Most of the 3 cases of XTractions I've gone through wouldn't run for long, if at all, out of the package. These were the Fast and Furious and the release with the Green and Red flammed Nomads. Two of the chassis rip pretty good after I cleaned the grease out of them, oiled 'em up, glued the front tires in place, replaced the idler with a brass one, and adjusted the shoes. The rest are parts donors that didn't run at all, tore up gears in a few laps, or have "Flintstone" wheels.


----------



## TK Solver (Mar 18, 2004)

Bummer... the Fast & Furious chassis have been some of my best. I even like the gummy tire compound on those. I know I'm in the minority here but I often use those narrow, unstepped shoes on a flamethrower X-Traction chassis and the combination has improved the handling. The front tires don't stay on well though. I glued some but o-rings work best if you can get them cheap.

The releases prior to Fast & Furious were pretty rough. Many of the cars sat with one of the front tires up off the track. I don't want to go back there again...


----------



## slotnewbie69 (Dec 3, 2008)

*ropes...*



TK Solver said:


> Great tips, dlw.
> 
> ropes, one way to do a quick check of dlw's item 1 is to swap one of your "kit" gear plates (with the motor and gears in place) onto one of the factory chassis and see if the car is slower. In my own experience with over 100 X-Tractions, it's the "little things" like the length of the brush springs, shape of the pick-up shoes, and proper (but not excessive) lubrication of a few key spots where shafts sit in or pass through holes. Those are things you can tweak. Clean brush and comm surfaces help some too. A warped comm plate is tough luck...
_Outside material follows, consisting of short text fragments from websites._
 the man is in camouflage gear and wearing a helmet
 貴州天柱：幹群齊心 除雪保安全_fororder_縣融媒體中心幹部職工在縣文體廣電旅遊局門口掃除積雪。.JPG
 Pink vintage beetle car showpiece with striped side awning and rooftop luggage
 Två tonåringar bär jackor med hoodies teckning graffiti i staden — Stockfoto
if your comm plate is warped,and you have a gear press/removal tool,you can chuck the arm in a dremel and spin it,using a fine abrasive stone,it is possible to carefully true up that warped comm plate.check out slotmonsters,jet wrote a tune up thread for tjets,but a pancakes a pancake...also try to find some bb's and see how many each motor magnet will pickup.kind of like a poor mans gauss meter.this will match your motor magnets,more or less.some guys lap their gears in with toothpaste,aswell.i know it works great on my tjets,but haven't tried it on the plastic gears...


----------



## AfxToo (Aug 29, 2003)

I would be curious to know if buying all the parts to assemble a complete XT chassis is more cost effective than buying a complete rolling chassis, say from Buds at 3/$25 or 10/$70. Typically, breaking a car up and selling it for parts is a quick and easy way to make more money on it, whether it's an HO car or a 1:1 car. I've seen dealers simply pop the body off and sell the body + chassis for more than the complete car sold for. Go figure.
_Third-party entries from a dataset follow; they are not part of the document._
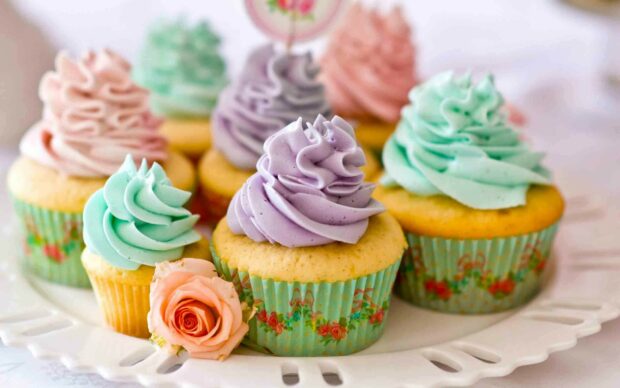 Colorful cupcakes with creamy frosting and a rose on a decorative plate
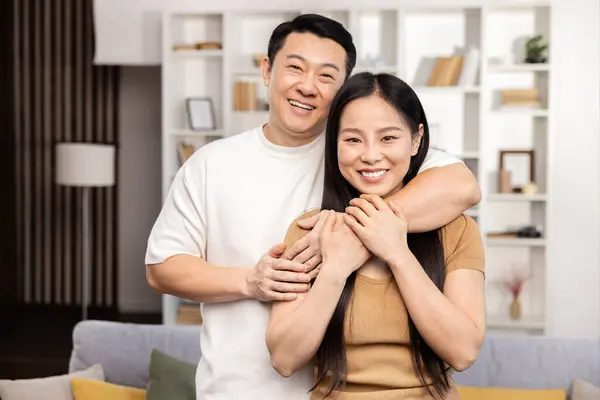 Glückliches Asiatisches Paar Genießt Zweisamkeit Wohnzimmer Bild Eines Fröhlichen Paares lizenzfreie Stockfotos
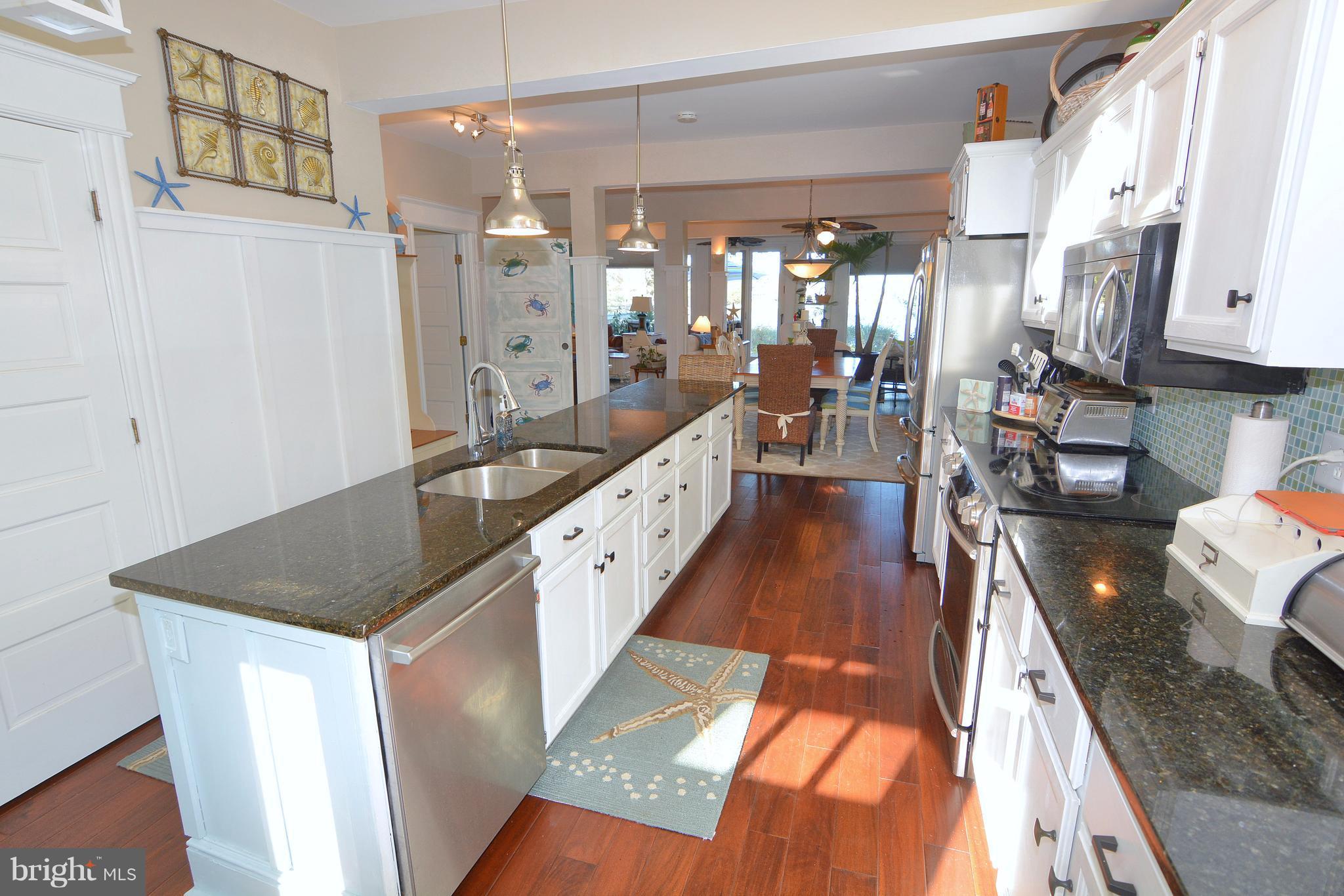 1308 N Road Pasadena, MD 21122 - Photo 9 of 30 Center island with pendant lighting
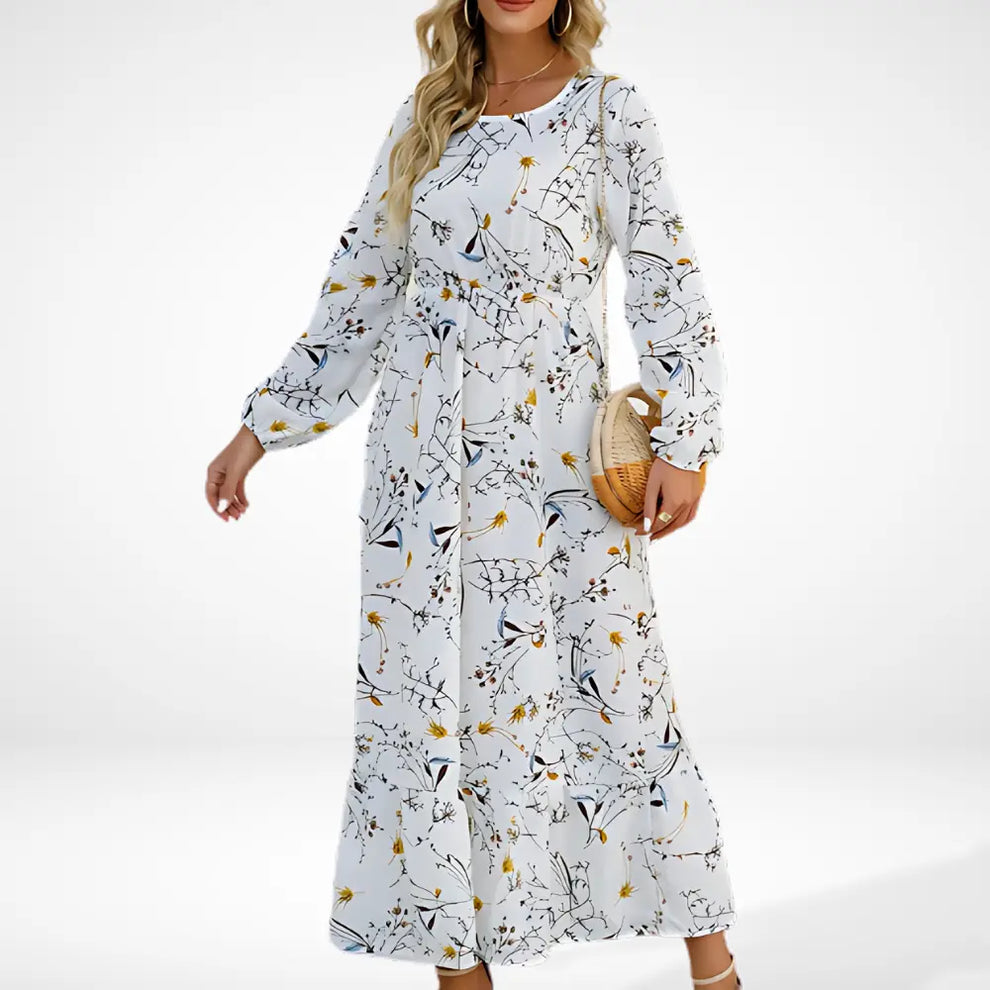 Vestido largo suelto con estampado floral y mangas largas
The cupped comm plate is due to the hard locking washer on the bottom of the armature shaft being installed too high on the armature shaft. The best way to fix this would be to find a gear puller with a small enough window to catch the washer and pull it down a tad. I don't have any such tool in my box but I was able to move the washer on one arm using less elegant methods and the comm plate flattened right out. In the end it didn't really change the performance noticeably and I deemed it "not worth the effort" without having the correct tool. The cupped arm simply gets relegated to fun runner duty, not racing. The occurrence of this manufacturing defect seems to have dropped significantly since the XTs started selling under the AutoWorld brand. Before that, I'd see a few here and there on both XTs and TJet500s. It's more of an usability issue on the TJet500s because of their domed brushes.
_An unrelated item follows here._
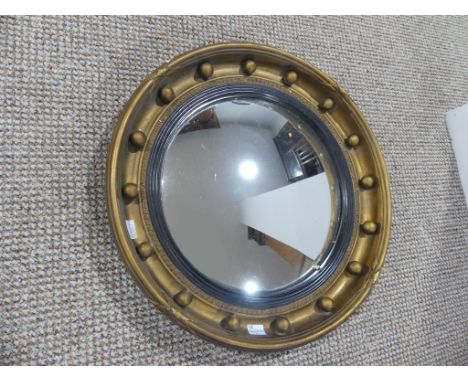 A 19thC Regency-style convex Mirror, the convexed plate within gilt wooden frame with ball finials, some damaged,&nbsp;17in (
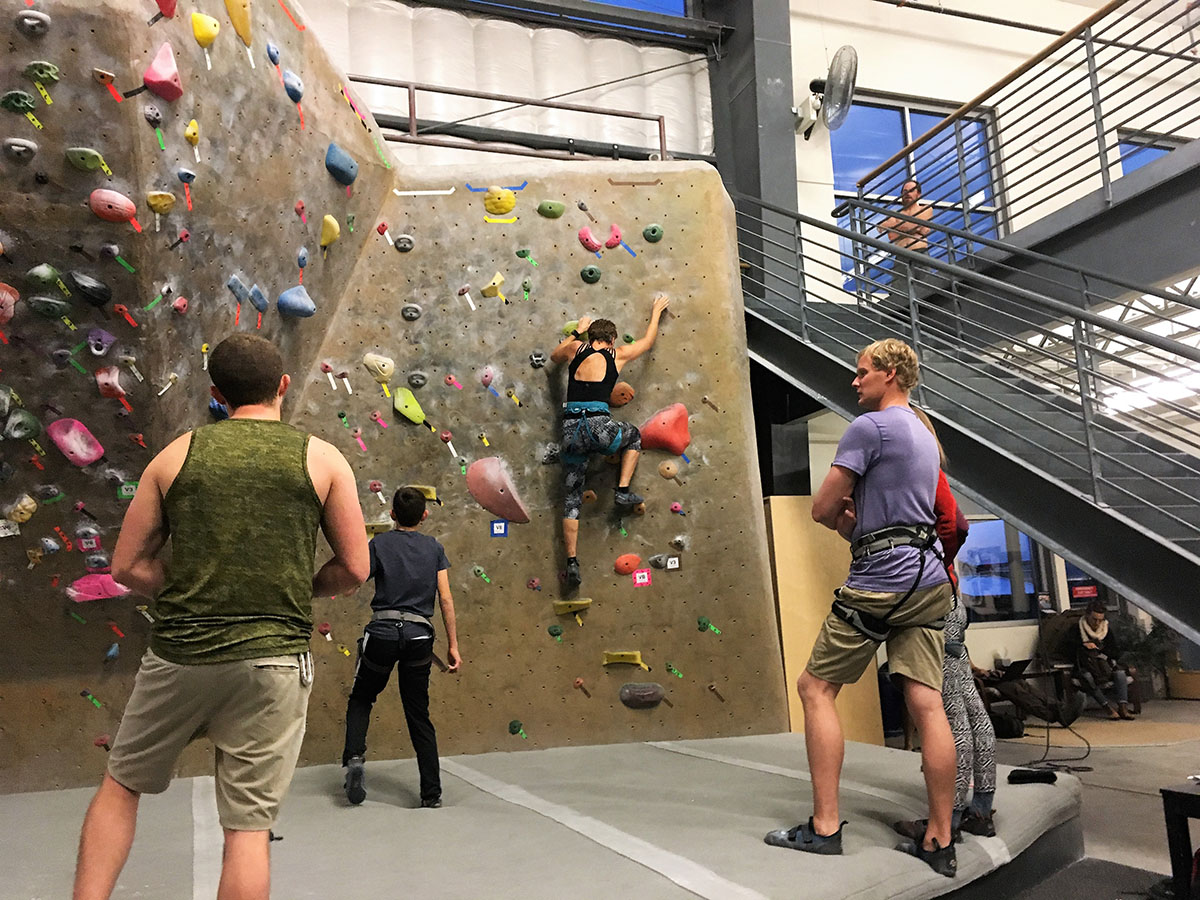 Team members at a climbing gym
My gut feeling is that trying to true a cupped comm plate with an abrasive stone could lead to total arm destruction (TAD), especially when the depth of cupping is greater than the thickness of the comm plate. 

It's rare to find any new toy/hobby grade slot car that comes out of the package with the shoes properly adjusted and running flat. When you unpack a new car, run it around the track for a few laps, then take it to the bench and adjust whatever needs to be adjusted, including the shoes.

Of the dozens of XTs I have the best "out of box" runners are the F&F tuners (besides having the coolest bodies - oh yeah!) with the special tuner wheels. Yeah, the front tires fall off in a gentle breeze and need to be glued or replaced with o-rings, and they have the narrow shoes that need to be adjusted, but as a group the wheels seem to be consistently straight, mounted with the right clearance in the chassis, and run true. My sample size is only 8 dozen so I may have a freak lot of well assembled ones. 

The later wider shoes work well too, but they are still ultra thin and almost never flat. The most whacked handling XTs are the ones with the floppy front ends with the midi-width tires. I think AW bored out the front axle hole for the big wheel release and then returned to a narrow axle but retained the larger axle holes. Not a good combination.


----------



## dlw (Aug 17, 1999)

> The later wider shoes work well too, but they are still ultra thin and almost never flat. The most whacked handling XTs are the ones with the floppy front ends with the midi-width tires. I think AW bored out the front axle hole for the big wheel release and then returned to a narrow axle but retained the larger axle holes. Not a good combination.


That's what they (AW) did, AfxToo....Used the chassis mold from the 1st DoH/2nd Mopar releases, but reverting back to the original thin indy-front axles. This was done for the first 3 AWXT releases. They went back to the thinner axle holes starting with the R4 Flamethrowers.


----------



## AfxToo (Aug 29, 2003)

> They went back to the thinner axle holes starting with the R4 Flamethrowers.


Thanks, that's very good to know. I have the lighted release but they don't see a ton of track time because of the pickup spring thing, which takes some tweaking to get running well.


----------



## old blue (May 4, 2007)

Just my assumption, but don't sellers take apart cars and sell off all of the defective parts and make better cars from the parts they keep? Maybe I am too cynical.


----------



## Grandcheapskate (Jan 5, 2006)

old blue said:


> Just my assumption, but don't sellers take apart cars and sell off all of the defective parts and make better cars from the parts they keep? Maybe I am too cynical.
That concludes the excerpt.